### Exercise details
All that is wanted is the exact lines from the one with "A woman stands" through the last line of the entries, with both ends kept and every picture left out.

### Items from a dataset
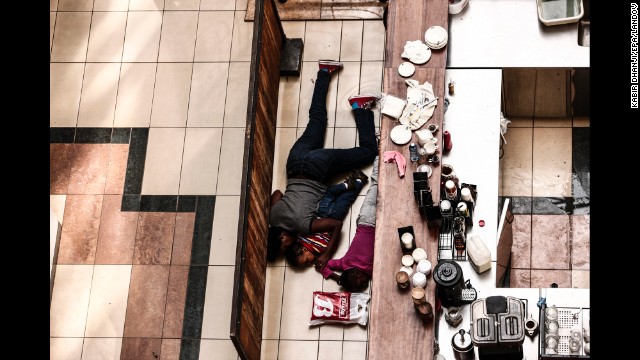 <strong>September 21:</strong> People take cover behind a counter at the Westgate shopping mall after a shootout in Nairobi, Kenya. The Somali terror group Al-Shabaab, an affiliate of al Qaeda, claimed responsibility for a bloody four-day siege at the upscale mall. At least 67 people were killed.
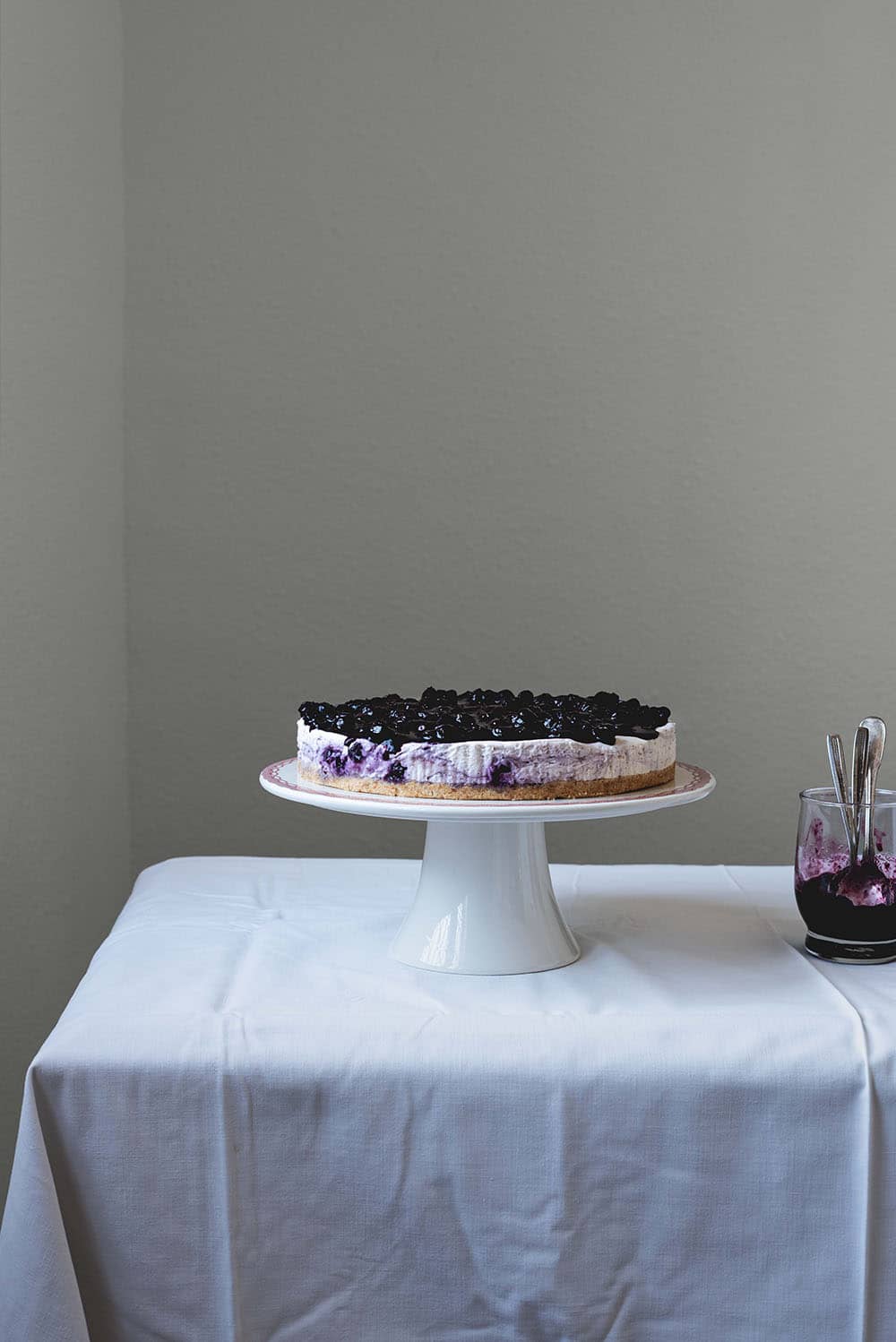 En una mesa de madera hay un mantel blanco. Encima está la portatarta blanca y encima de ella está la tarta de queso con arándanos y base de galleta sin horno. Al lado está un vaso con salsa de arándanos.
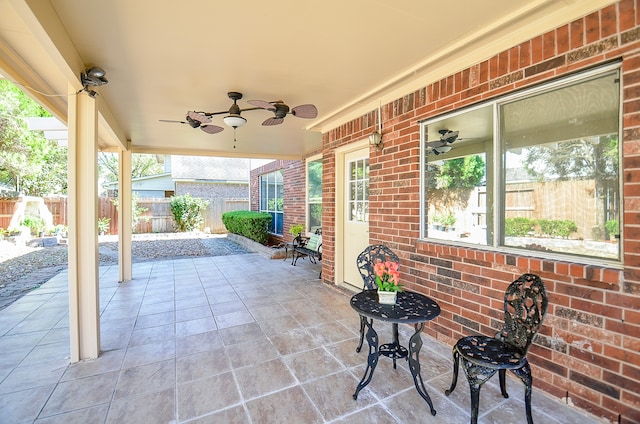 view of patio featuring ceiling fan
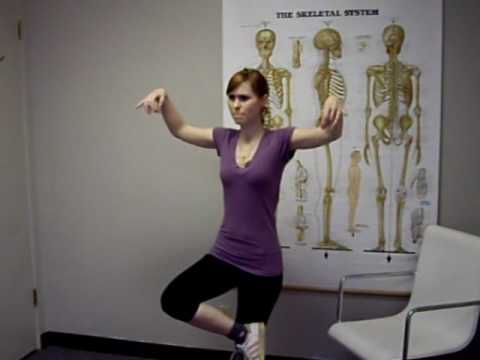 A woman stands on one leg in an office, with arms bent and pointed downward, mimicking a bird pose. She is in front of a skeletal system poster at a Los Angeles chiropractor’s clinic, near a white chair.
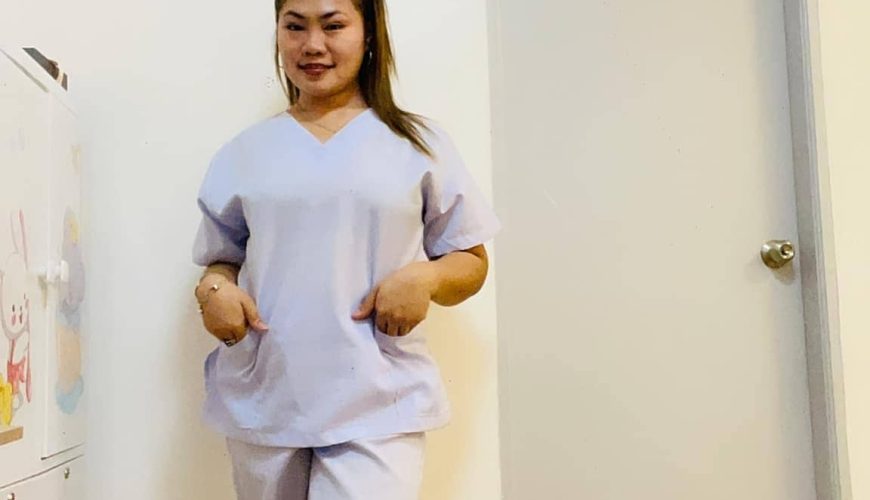 A woman wearing light purple scrubs and white sneakers stands indoors on a wooden floor, posing with her hands in her pockets in front of a white door and wall.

### Response for this exercise
 A woman stands on one leg in an office, with arms bent and pointed downward, mimicking a bird pose. She is in front of a skeletal system poster at a Los Angeles chiropractor’s clinic, near a white chair.
 A woman wearing light purple scrubs and white sneakers stands indoors on a wooden floor, posing with her hands in her pockets in front of a white door and wall.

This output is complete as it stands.